→ **DIRECTIONS**
Where the listing below has a line with "32, CHURCH ROAD, GATESHEAD, NE9", write out exactly that line and every line after it, stopping after the line with "Calça feminina Alfani".

*** DATA FOR THE TASK ***

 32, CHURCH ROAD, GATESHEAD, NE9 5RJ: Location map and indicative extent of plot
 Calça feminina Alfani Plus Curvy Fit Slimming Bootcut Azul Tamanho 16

*** End of DATA FOR THE TASK ***
*** DATA FOR THE TASK ***

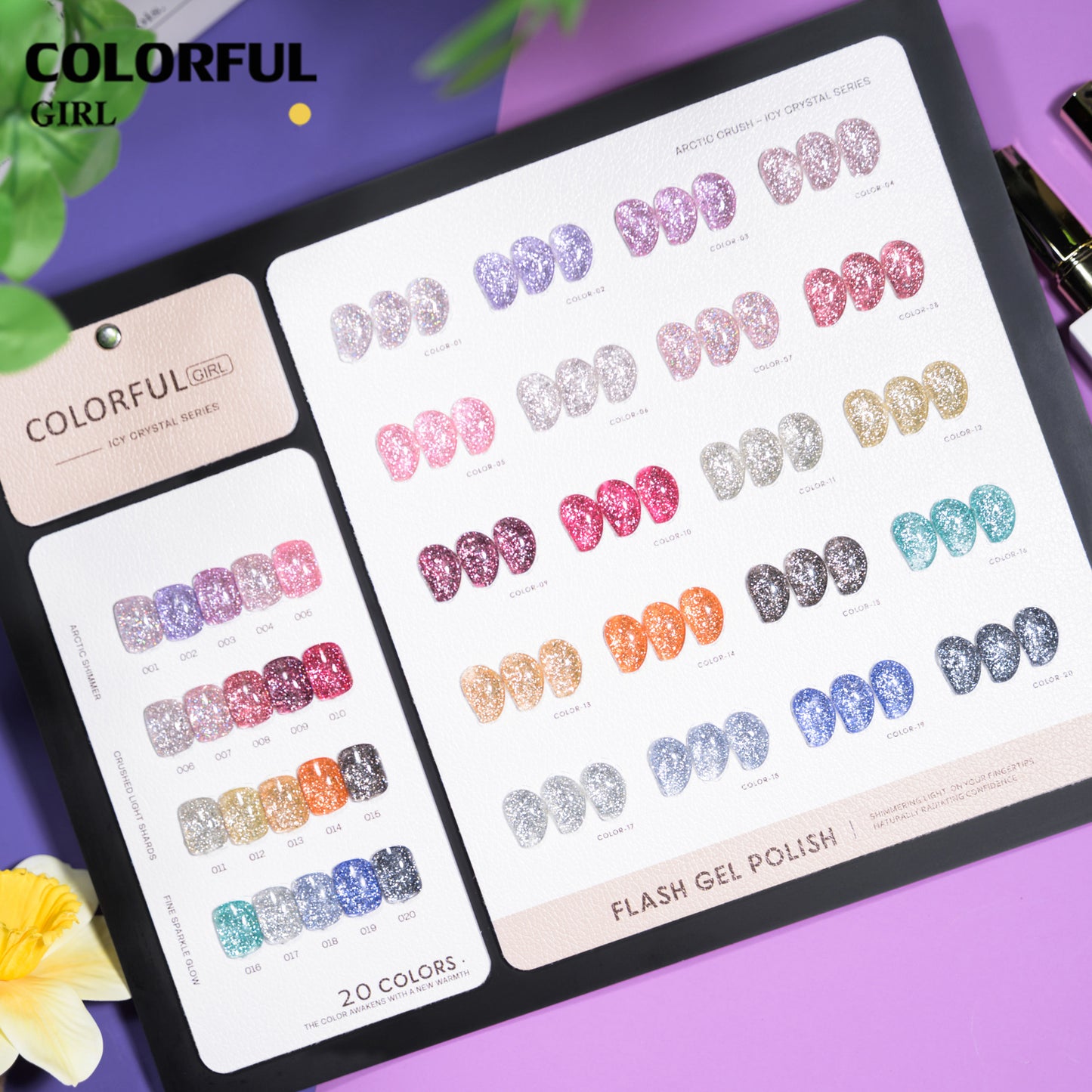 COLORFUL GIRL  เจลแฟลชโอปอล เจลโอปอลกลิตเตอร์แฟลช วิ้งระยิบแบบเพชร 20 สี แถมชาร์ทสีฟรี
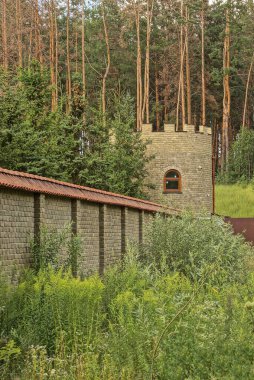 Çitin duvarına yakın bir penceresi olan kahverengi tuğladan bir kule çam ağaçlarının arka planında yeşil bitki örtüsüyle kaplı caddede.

*** End of DATA FOR THE TASK ***

→ **WRITTEN RESPONSE**
 32, CHURCH ROAD, GATESHEAD, NE9 5RJ: Location map and indicative extent of plot
 Calça feminina Alfani Plus Curvy Fit Slimming Bootcut Azul Tamanho 16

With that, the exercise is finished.